Esmond Bradley-Martin, 75, prominent American investigator of the illegal ivory and rhino horn trade, was assassinated in his home in the Kenyan capital of Nairobi last Sunday.
Kenyan police said the US anti-poaching investigation crusader was found dead in his Nairobi home with a stab wound in his neck.
Mr. Esmond Bradley Martin had spent decades tracking the movement of animal products, mostly from Africa to markets in Asia.
“It’s a very big loss for conservation,” said Paula Kahumbu, chief executive of Wildlife Direct, an organization focused on protecting elephants in Kenya, as said through the media.
Before his untimely death, the US anti-poaching czar was about to publish a report exposing how the ivory trade had shifted from China to neighboring countries, Kahumbu said.
Mr. Esmond Bradley, the former UN special envoy for rhino conservation was found in his home on Sunday afternoon.
His research was instrumental in China’s decision to ban its legal rhino horn trade in 1993. It also pressured China to end legal ivory sales, a ban that came into force in January of this year.
“His work revealed the scale of the problem and made it impossible for the Chinese government to ignore,” said Kahumbu.
He was an expert on the prices of ivory and rhino horn, leading undercover investigations into markets in China and Southeast Asia where ivory and rhino horn markets are dominating.
Assassination of this famous American ant-poaching expert is a sequence and part of serial killings of foreign wildlife conservation experts in East Africa, the region reigned by corrupt conservation elements within the wildlife protection and management departments.
Tanzania, a closer neighbor to Kenya sharing wildlife resources through cross-border migrations, is the other elephant-range state in Africa where two foreign conservation and anti-poaching campaigners were killed in recent years.
In the sequence of assassinations and killings of anti-poaching crusaders, Mr.
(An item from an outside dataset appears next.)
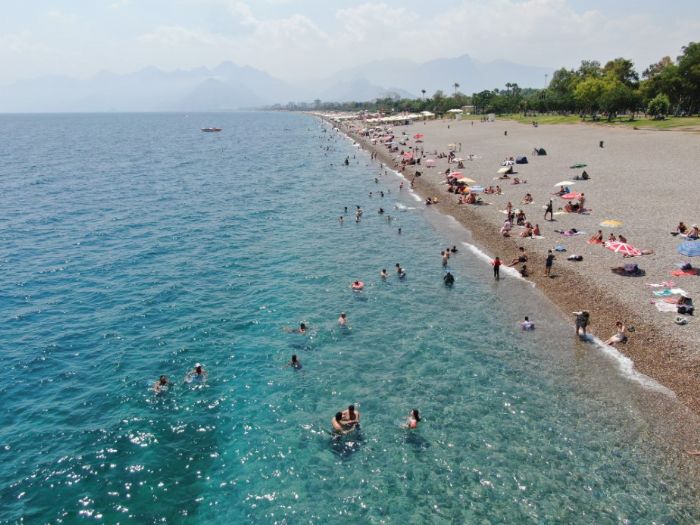 Antalyada nem yzde 80i buldu, sahiller doldu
Roger Gower, 37, was killed when the helicopter he was piloting during an operation was gunned down in Maswa Game Reserve, near Tanzania’s famous Serengeti National Park late in January, 2016.
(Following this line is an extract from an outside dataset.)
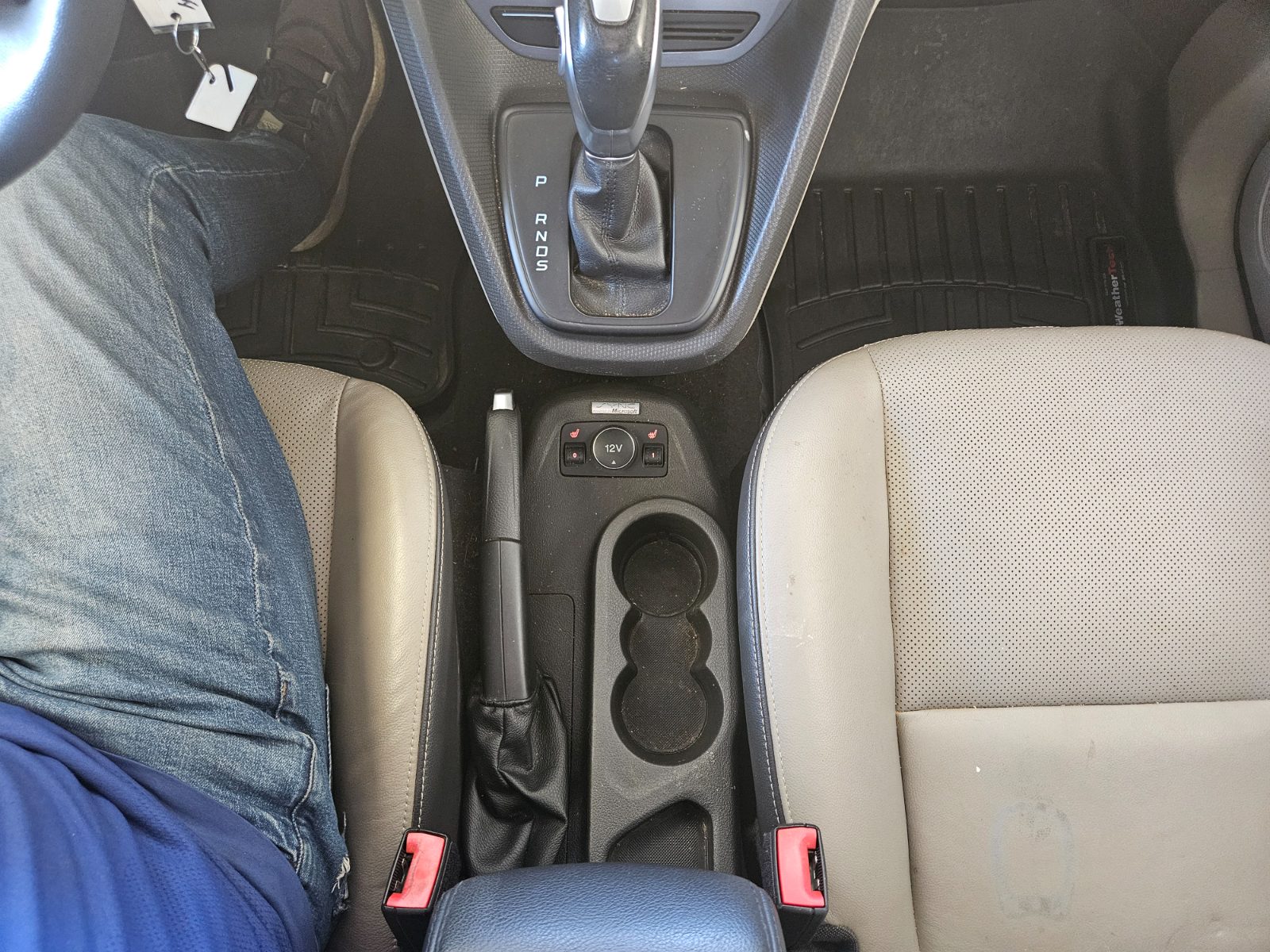 Ford Transit Connect for sale at Chili Auto Outlet — photo 21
Mr. Gower, the British national was working with the charity Friedkin Conservation Fund, which was carrying out the anti-poaching mission jointly with Tanzanian authorities.
The other foreign anti-poaching crusader killed in East Africa was Mr. Wayne Lotter, a prominent South African-born wildlife conservationist working in Tanzania.
He was murdered in Tanzania’s commercial capital of Dar es Salaam while on his way from Julius Nyerere International Airport to his hotel in mid-August of last year (2017).
Aged 51, Wayne Lotter was shot by unknown assailants when his taxi was stopped by another vehicle where 2 men, one armed with a gun, opened his car door and shot him.
Before his untimely death, Wayne Lotter had received numerous death threats while battling international ivory-trafficking networks in Tanzania where more than 66,000 elephants have been killed during the past 10 years.
Wayne was a director and co-founder of the Protected Area Management System (PAMS) Foundation, a Non-Governmental Organization (NGO) that provides conservation and anti-poaching support to communities and governments across Africa.
Media reports had exposed mysterious disappearances and threats to prominent personalities in recent years, rocking Tanzania and Kenya, a situation likely to create fear in this part of Africa.
These two neighboring African states of Tanzania and Kenya are both elephant and rhino-range states, sharing conservation resources as well as tourism and travel itineraries, mostly for American and European tourists.